Sondre Lerche describes his own sound as “pop”, although he uses the term rather loosely. Jazz and Brazilian psychedelia are both thrown into the bag, along with modern RnB. “I like the idea that pop music is really open to anyone’s interpretation. There’s room for a lot of personality whereas in other genres it can be really strict. For better or worse pop music is really inclusive, which means there’s a lot of shitty pop as well as a lot of good songs,” he says. “I think people understand that better in England than in the States. People in the US are so afraid of pop music because it has been corrupted so they get really precious about it. There are people trying to make pop music who are afraid of saying the word ‘pop’. You can call my music what you want. I’m on an indie label and working with friends who are helping me distribute my record all over the world so I’m definitely in the indie world that way, so maybe it’s some sort of indie-pop. It’s indie by default but deeply melodic and heartfelt and personal to me.”

Since releasing his debut long player Faces Down in 2001, at the tender age of 18, Sondre Lerche has gone on to write and record no less than eight more. And while two of these were soundtracks for American comedy films – Dan In Real Life (2007) and Dinner For Schmucks (2010) – the rest serve as a storyboard, cataloguing the singer’s journey from teens to twenties, from Bergen to Brooklyn. His latest album, Sondre Lerche, is perhaps his most accessible work yet, a reaction to living stateside, perhaps? “Living in a city like New York, as opposed to Norway, you develop your confrontational side, which is a good thing for me,” he explains. “The new album is trying to deal with stuff that I’ve shied away from in the past. It’s about growing up and not sticking your head in the sand, but keeping your eyes open and trying to understand what is happening with your life. It sounds very intense and it is, but it’s also a relief, because it feels good to take control of certain parts of your life.”

Like many artists before him he describes his need to produce music as much as it being a need for an escape. “Some of it comes out of trying to grasp reality and what’s going on around you, but some songs and some albums have been more concerned with a mistake or an idea of how you would want something to be. This one [Sondre Lerche] is more concerned with reality and trying to get your head around just generally living, which sounds pompous but it’s hard to say what comes from what. In the last ten years I went from being 18 to being 28 and things are going to change whether you move from Bergen to New York or not.”
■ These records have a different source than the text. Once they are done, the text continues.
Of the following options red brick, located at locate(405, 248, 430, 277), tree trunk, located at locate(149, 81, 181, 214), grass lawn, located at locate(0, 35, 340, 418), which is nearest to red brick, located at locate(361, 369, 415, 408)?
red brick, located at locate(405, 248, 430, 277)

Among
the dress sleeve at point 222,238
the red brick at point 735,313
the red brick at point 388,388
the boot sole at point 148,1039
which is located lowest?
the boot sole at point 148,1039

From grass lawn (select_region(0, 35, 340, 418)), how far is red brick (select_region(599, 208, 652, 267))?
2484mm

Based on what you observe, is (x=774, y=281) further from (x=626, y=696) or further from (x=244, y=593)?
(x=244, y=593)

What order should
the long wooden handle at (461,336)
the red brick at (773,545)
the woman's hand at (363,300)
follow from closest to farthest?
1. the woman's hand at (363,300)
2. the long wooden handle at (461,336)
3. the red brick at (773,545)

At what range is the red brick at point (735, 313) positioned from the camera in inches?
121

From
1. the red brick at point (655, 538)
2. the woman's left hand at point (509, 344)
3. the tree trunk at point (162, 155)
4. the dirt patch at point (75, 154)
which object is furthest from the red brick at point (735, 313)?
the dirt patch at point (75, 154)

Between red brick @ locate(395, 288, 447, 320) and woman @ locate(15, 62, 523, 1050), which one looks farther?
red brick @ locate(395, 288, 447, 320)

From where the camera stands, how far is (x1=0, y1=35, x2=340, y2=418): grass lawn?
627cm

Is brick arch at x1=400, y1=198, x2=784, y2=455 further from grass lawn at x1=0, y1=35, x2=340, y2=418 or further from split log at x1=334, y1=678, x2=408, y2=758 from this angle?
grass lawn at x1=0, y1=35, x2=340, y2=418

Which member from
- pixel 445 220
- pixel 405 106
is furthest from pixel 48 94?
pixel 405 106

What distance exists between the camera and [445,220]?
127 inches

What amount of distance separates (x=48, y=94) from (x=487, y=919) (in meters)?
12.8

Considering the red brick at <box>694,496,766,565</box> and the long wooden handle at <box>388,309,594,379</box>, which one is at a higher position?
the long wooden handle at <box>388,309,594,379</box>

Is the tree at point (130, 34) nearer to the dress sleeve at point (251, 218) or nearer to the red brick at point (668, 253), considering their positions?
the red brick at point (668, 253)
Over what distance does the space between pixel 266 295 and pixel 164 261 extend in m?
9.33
Among the influencing factors must surely be the raft of well-known names Sondre has credited with helping him create his latest work. He has performed with Regina Spektor, whose drummer plays on the new record, and recruited the services of Midlake drummer McKenzie Smith. There’s also a new co-producer who has previously worked with Dirty Projectors and Spoon. It seems Sondre Lerche’s taste is as eclectic, as his output is prolific. And while he may have been away from his native Norway for most of his 20s, there remains a strong link to his roots. The videos for ‘Go Right Ahead’ and ‘Domino’ were both made by Sondre’s wife, Norwegian actress Mona Fastvold, and he has worked with the same producer throughout his career. “He has been with me on all my records in some capacity – he plays guitar with Royksopp and works with Datarock, who are also from Bergen,” says the singer. “And the bass player for my live shows is one of the lead singers with Young Dreams, a Bergen band. Their keyboard player is an old friend from school, we were the only two people in school who knew of The High Llamas, in fact we were probably the only fans in our district…”
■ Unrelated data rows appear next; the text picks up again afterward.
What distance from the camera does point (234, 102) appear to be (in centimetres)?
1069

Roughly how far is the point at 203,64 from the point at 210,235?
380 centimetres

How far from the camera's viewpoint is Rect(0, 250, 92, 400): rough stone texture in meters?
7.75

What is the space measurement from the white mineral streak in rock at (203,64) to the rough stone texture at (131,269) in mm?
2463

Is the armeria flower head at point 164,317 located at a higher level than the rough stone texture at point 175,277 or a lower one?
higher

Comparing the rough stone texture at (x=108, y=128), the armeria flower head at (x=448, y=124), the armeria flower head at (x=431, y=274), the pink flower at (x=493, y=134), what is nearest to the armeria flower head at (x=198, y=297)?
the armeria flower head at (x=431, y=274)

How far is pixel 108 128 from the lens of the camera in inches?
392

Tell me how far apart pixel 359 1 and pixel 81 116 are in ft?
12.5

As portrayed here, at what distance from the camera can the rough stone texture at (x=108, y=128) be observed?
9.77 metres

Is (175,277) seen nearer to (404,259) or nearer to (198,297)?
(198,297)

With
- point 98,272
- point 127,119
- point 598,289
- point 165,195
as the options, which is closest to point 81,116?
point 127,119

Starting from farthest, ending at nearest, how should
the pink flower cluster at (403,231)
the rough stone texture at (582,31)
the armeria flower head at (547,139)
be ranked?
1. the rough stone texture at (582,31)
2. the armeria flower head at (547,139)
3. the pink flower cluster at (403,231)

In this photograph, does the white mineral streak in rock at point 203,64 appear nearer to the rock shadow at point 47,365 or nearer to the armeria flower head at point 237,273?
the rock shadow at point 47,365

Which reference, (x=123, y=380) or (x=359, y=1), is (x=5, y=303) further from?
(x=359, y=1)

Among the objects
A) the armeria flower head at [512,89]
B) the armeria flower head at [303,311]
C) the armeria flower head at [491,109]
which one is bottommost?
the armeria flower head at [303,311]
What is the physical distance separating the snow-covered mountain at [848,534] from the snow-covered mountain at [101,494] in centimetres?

It is this tendency to sit outside the fashionable norm that has kept Sondre Lerche below the mainstream radar for the past ten years. Despite being peppered with potential hits, his early records Faces Down and Two Way Monologue remain firmly within the collections of indie fans, as do his critically-acclaimed later releases Phantom Punch and Heartbeat Radio. But with his more direct and radio-friendly new album, perhaps the time has come for him to reach a wider audience. If the throng of excitable fans waiting his London show is anything to go by, he won’t be short of support from the UK.

Sondre Lerche is available now through Mona/Telle.